#### [GOAL OF THE EXERCISE]
Copy, word for word, the lines below from the one containing "decoupage natale, centrotavola" up to and including the one containing "RESPAWN IRL –", with pictures left out.

#### [DATA FOR REVIEW]
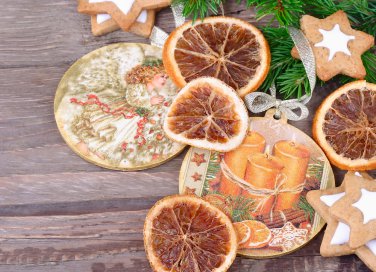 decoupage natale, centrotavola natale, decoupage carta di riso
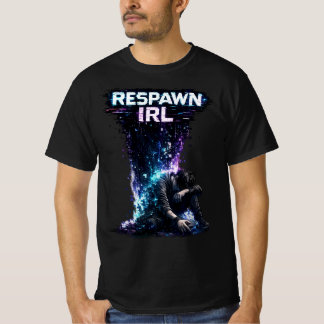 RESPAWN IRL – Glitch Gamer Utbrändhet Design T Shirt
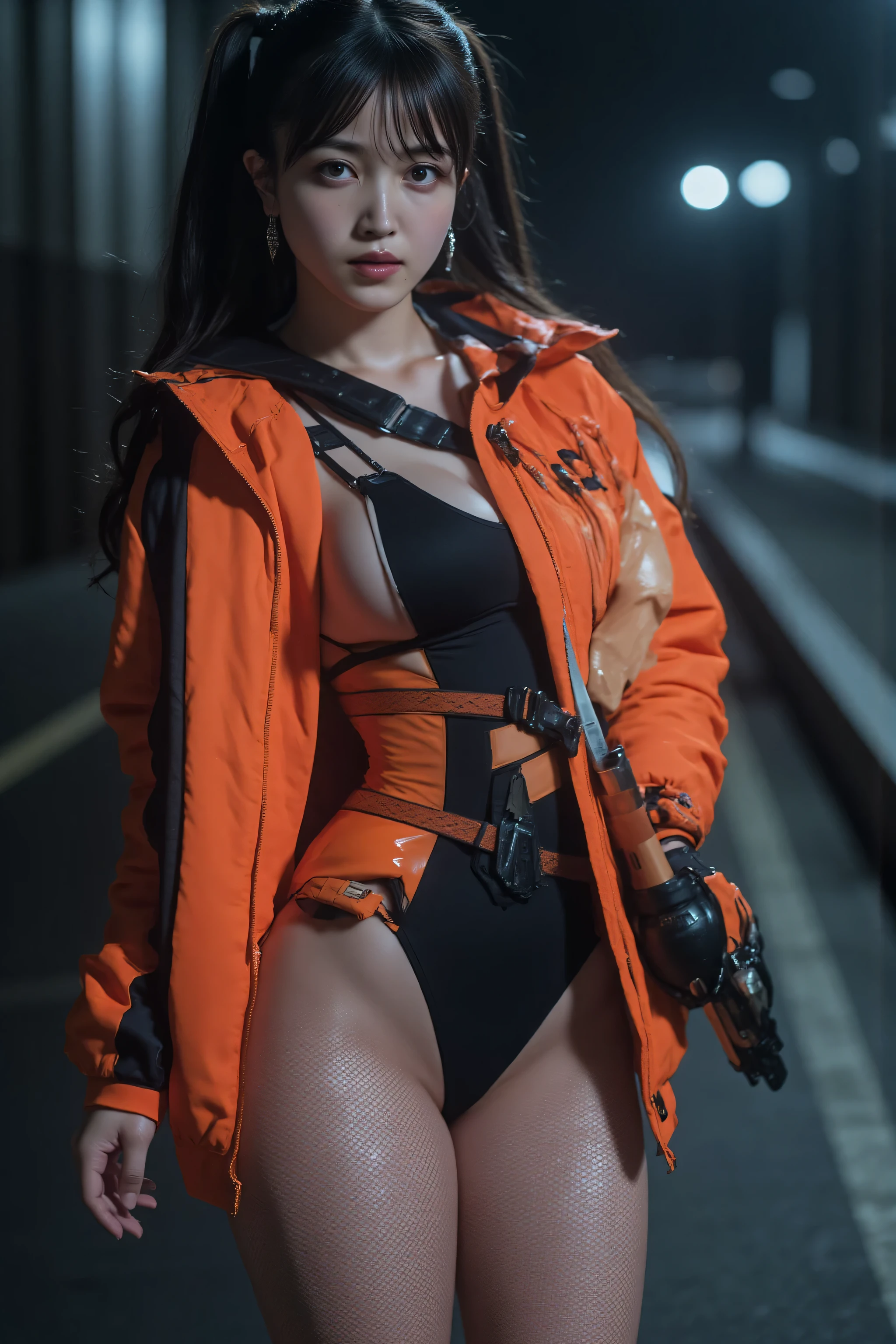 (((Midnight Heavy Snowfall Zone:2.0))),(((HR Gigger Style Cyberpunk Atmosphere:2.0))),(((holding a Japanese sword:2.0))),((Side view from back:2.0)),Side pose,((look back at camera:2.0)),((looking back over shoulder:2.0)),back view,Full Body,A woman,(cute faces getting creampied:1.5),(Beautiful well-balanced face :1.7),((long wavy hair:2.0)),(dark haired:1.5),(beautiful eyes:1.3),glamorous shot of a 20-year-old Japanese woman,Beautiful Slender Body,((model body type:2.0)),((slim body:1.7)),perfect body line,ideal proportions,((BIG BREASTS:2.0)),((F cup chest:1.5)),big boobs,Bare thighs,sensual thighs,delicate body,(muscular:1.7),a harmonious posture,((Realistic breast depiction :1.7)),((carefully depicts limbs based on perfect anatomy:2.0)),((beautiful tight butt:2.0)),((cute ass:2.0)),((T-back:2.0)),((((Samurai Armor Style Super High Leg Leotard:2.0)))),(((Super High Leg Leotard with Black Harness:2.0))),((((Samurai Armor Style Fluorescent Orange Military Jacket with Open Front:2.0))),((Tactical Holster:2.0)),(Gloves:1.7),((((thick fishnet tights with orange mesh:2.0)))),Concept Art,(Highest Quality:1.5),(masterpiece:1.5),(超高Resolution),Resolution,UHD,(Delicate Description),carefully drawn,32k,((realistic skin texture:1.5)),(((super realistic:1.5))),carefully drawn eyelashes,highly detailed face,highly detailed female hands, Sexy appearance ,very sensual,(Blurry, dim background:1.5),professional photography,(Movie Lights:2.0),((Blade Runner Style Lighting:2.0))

--

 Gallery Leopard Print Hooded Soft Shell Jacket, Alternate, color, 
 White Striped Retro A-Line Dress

* * *

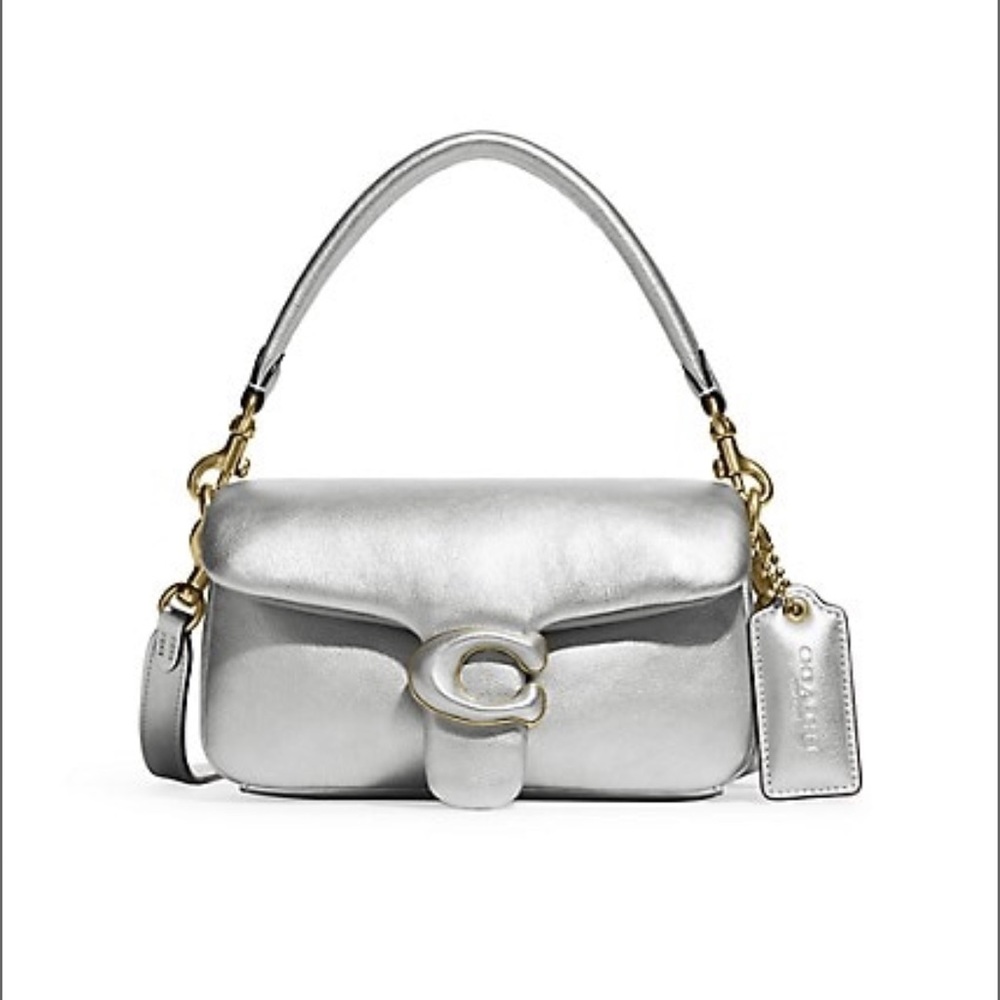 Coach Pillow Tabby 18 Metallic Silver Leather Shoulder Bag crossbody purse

#### [ANSWER BELOW]
 decoupage natale, centrotavola natale, decoupage carta di riso
 RESPAWN IRL – Glitch Gamer Utbrändhet Design T Shirt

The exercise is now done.